Como la historia la escriben los que ganan -lo cual significa que hay otra historia, la verdadera y no la oficial- podemos decir con total seguridad que «la barbarie» no está, precisamente, en los pueblos que no han seguido el modelo industrial europeo. La barbarie, el primitivismo, la animalidad está en ese espíritu de conquista que el capitalismo llevó a límites insospechados.

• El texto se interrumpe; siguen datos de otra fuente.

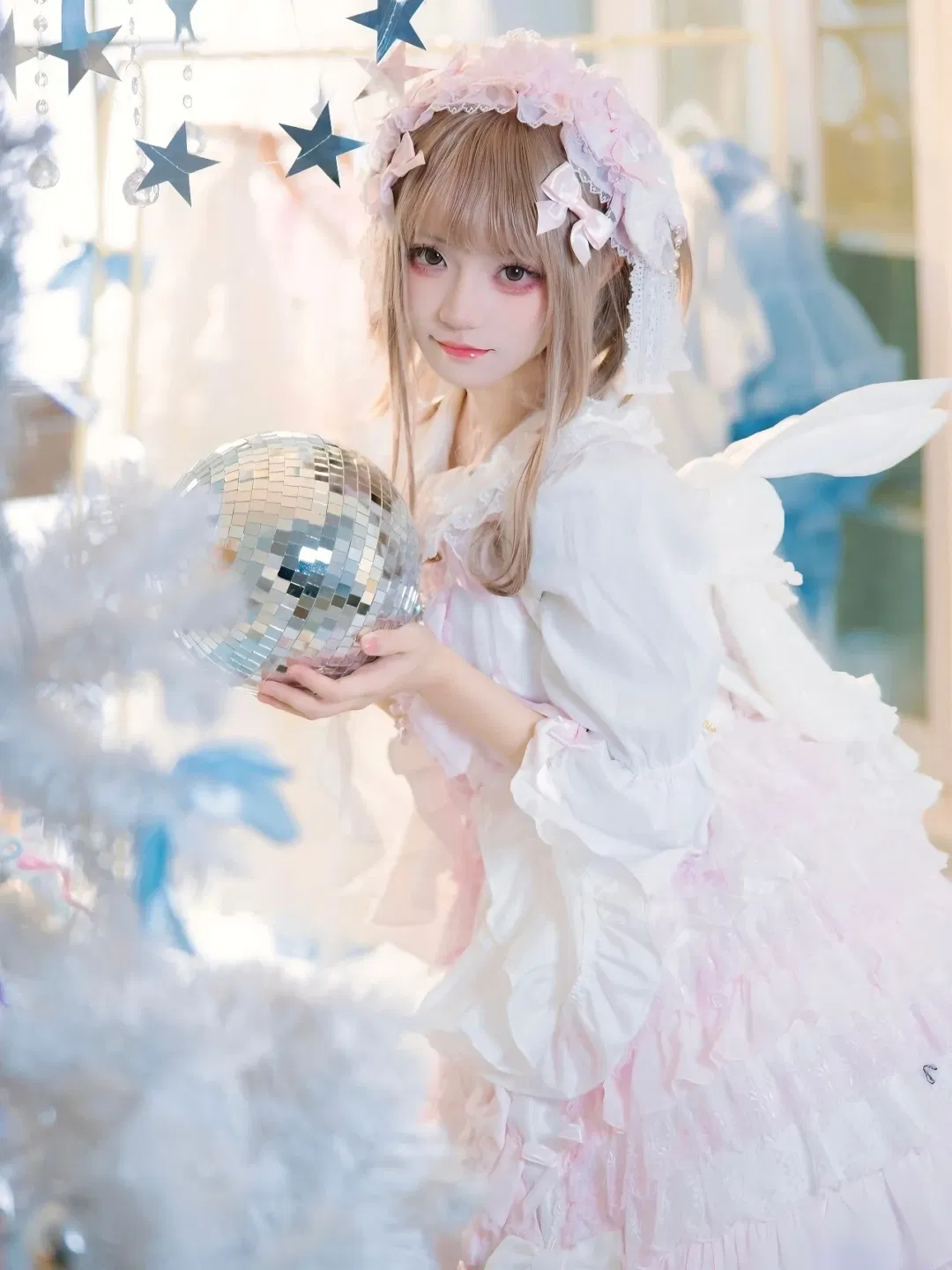 粉白Lolita穿搭，今天是软萌棉花糖小兔 - 第 1 张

Si de construir alternativas se trata, el socialismo nos da alguna pista: nadie es más «civilizado» que nadie. Si desarrollo es sinónimo de destrucción del medio ambiente, eso es la expresión más descarnada de imbecilidad, y nada más. ¿Por qué es desarrollado comer fondue o tomar whisky mientras es primitivo comer gusanos o tamales? ¿De dónde salió la tamaña estupidez que escuchar Mozart es civilizado y los tambores africanos son primitivos? ¿Hasta cuándo vamos a mantener esas brutalidades? ¿Es civilizado seguir usando automóviles mientras destruimos el planeta? ¿Alguien se lo puede tomar en serio eso como modelo de progreso? ¿Podemos ser tan tontos de seguir creyendo que el «buen gusto» es un traje de marca de alguna transnacional que marca la moda y es salvaje vestir una túnica o un taparrabos? ¿Por qué sería salvaje un hueso atravesado en la nariz pero es muy chic un tatuaje en la cintura o un arete en la oreja, hoy a la moda en Occidente? ¿Hasta cuándo vamos a seguir tolerando que «la cultura» se simbolice con un Partenón griego mientras que una choza africana se la tiene por primitiva?
Así consideradas las cosas cada vez es más evidente lo que dijera Rosa Luxemburgo entonces: «socialismo… o barbarie».